- _The problem_:
Give the lines again word for word, beginning with the one containing "九岁男童被养母断手 手术成功手腕将恢复翻转" and ending with the last line of the material below.

- _Data to use_:
== == ==

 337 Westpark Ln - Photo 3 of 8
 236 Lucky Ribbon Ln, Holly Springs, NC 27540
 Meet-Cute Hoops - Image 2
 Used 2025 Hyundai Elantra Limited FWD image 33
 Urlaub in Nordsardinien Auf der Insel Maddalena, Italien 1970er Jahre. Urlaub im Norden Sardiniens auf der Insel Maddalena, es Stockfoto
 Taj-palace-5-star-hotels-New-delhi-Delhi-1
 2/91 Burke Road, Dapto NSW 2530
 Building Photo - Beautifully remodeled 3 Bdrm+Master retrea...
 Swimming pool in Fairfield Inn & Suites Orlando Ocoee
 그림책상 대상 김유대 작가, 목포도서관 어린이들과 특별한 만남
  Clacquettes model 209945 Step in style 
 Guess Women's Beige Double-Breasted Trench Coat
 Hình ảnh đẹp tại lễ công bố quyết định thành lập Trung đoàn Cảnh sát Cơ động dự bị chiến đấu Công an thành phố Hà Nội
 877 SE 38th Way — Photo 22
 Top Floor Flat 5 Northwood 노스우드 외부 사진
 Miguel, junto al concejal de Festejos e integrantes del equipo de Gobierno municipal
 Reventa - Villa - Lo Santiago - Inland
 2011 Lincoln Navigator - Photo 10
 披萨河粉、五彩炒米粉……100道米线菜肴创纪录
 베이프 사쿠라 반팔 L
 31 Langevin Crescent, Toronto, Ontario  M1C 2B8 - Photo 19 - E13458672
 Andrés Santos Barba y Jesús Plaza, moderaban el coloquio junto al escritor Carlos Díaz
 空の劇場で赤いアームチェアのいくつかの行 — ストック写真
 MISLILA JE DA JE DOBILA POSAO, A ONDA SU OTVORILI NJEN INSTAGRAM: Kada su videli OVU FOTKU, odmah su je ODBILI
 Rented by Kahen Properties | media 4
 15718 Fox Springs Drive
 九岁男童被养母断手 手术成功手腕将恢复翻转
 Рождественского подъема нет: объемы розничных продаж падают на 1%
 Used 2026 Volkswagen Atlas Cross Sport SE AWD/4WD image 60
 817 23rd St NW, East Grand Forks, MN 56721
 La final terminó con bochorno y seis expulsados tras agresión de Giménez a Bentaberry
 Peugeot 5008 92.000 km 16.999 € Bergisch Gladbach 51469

== == ==

- _Your response_:
 九岁男童被养母断手 手术成功手腕将恢复翻转
 Рождественского подъема нет: объемы розничных продаж падают на 1%
 Used 2026 Volkswagen Atlas Cross Sport SE AWD/4WD image 60
 817 23rd St NW, East Grand Forks, MN 56721
 La final terminó con bochorno y seis expulsados tras agresión de Giménez a Bentaberry
 Peugeot 5008 92.000 km 16.999 € Bergisch Gladbach 51469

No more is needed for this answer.